Twiligt movie, books and series...I want more!

Oh how a big fan I am of the books! I still remember the first time I read the book, it was Twilight... it was indescribably amazing. I've read it hundreds of times and never ever get tired of it. Edward is a perfect imagination of a man and Bella is just so human with the right responses upon the right circumstances. Both are made for each other. Stephanie Meyer really have created a story that everyone are dying hard to be in. I would lie if I say 'not for me'. Everyone is talking about it and now a movie? It's going to be huge and it's just going to be enormously HUGE! But, would it disappointed the fans if the movie didn't worked out as planned? We'll see at the end of the year.

Edward. What more could a girl wants if you have Edward? He's got everything or not. But I would definitely go for the thrilling and all those dangerous moments. Despite that he is a vampire, supposedly to be strong, tough and ruthlessly cruel in killing humans, he is rather seems vulnerable, emotionally when it comes to Bella. I just love the way he being too cautious around her, try not to break her and so. He is a dream man and I bet nobody would resist him if he is exactly according to how Meyer describe it. I wouldn't mind having him, so what if he is a vampire? It's just going to make my days interesting and....yeah, like it would happen in real life. But minus the mind reading tho, you don't want to know what is in my mind and me too. So, being different like Bella is a definitely plus. And I think Edward loves Bella because she is a human and there's fresh red blood pumping warmth under her pale skin that attracts him the most. Maybe that's why he wants Bella to stay human because he sees her as a very beautiful human, so fragile and so different. It would change everything if Bella ever change. But then again, it would be hard for both of them. I can't wait for the outcome for the end of this stories by Meyer. Will she be changed or not. So, the movie, I was reluctant at first to accept this, like you would care hmm, because after this Edward would be Robert Pattinson. Ok, here's the thing, we all know Edward is extraordinary in every aspect of life but we never really knew how exactly he looks like and I'm pretty sure everyone has their own 'Edward' self in their head and me too. I have fun time thinking about it, recreate a face, figure and try to picture him as a real person in real life but now, Edward is Robert Pattinson. Ok, I wasn't against the movie, I think the movie it a great thing but it just got me thinking, Edward would be Robert Pattinson. Physically. How many times have I said it?
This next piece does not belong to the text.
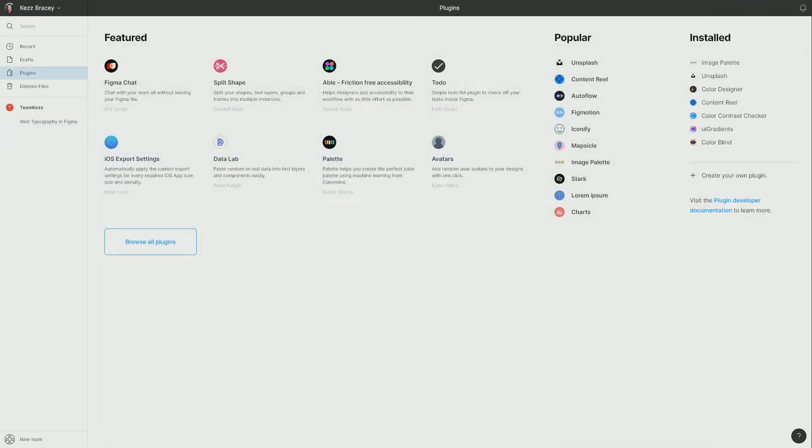So that's our top five color management plugins for Figma. Thank you very much for watching this video and I will see you in the next one.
Bella. I really love Bella. I think she is a perfect human girl, a perfect teenage girl. What? I love her right responses to her environment. So human. She's rather clumsy but that's just seems normal to me. Sometimes it's hard to keep everything in control, like not to trip in front of boys and so, I guess Bella didn't have to work 'hard' to get boys. Yes, boy's'. In the end, she's got Edward without even trying. Maybe with her clumsiness, hey, it's works for her. Often being a target to danger, I guess Bella needs Edward and Edward needs Bella to soothe his loneliness after all the years. I have to say this again, I like Bella, it's how Meyer describes her, you know, she don't have to be the It girl or even a model look-alike. She's described as just a normal girl that comfortable wearing jeans and t-shirt, no need to be excessive, just that. I would say I wanna be like her, despite of everything. She is different in a lot of ways with a little sarcastic, she knows how to have her ways with Edward, often absent-minded, and probably can get away with anything. All she needs to be is brave, blushed as scarlet and bet on her life for her love ones. It's good and bad enough for Edward. LOL. But it seems the relationship is rather complicated( just the way I love it), like Bella would sacrifice anything for Edward even her life, how Edward still afraid that he can't control his hunger around Bella and insist if Bella wants to walk away and forget him, how other people revolve around them, the bad vampires and the differences among species, how she has to choose and how Bella wants to be one but Edward refuse? So many of them. Complication after complication. That's what makes them as a couple really interesting. And I really love the way Edward 'takes control' of Bella. In ways that is. Despite of being a good vampire, there's still a bit of predator needs left inside of him, makes him really desirable? Check out the meadow parts. My favorite. How I wish it was me. Heh. :]

Monday, April 28, 2008

Blog, blogger, blogging.

Today I've read something about blog, you know how it would become the next big media source and how blog would cause disaster among humans? Just by a word about someone or something, you going to get trouble if you 'touch' the sensitive parts.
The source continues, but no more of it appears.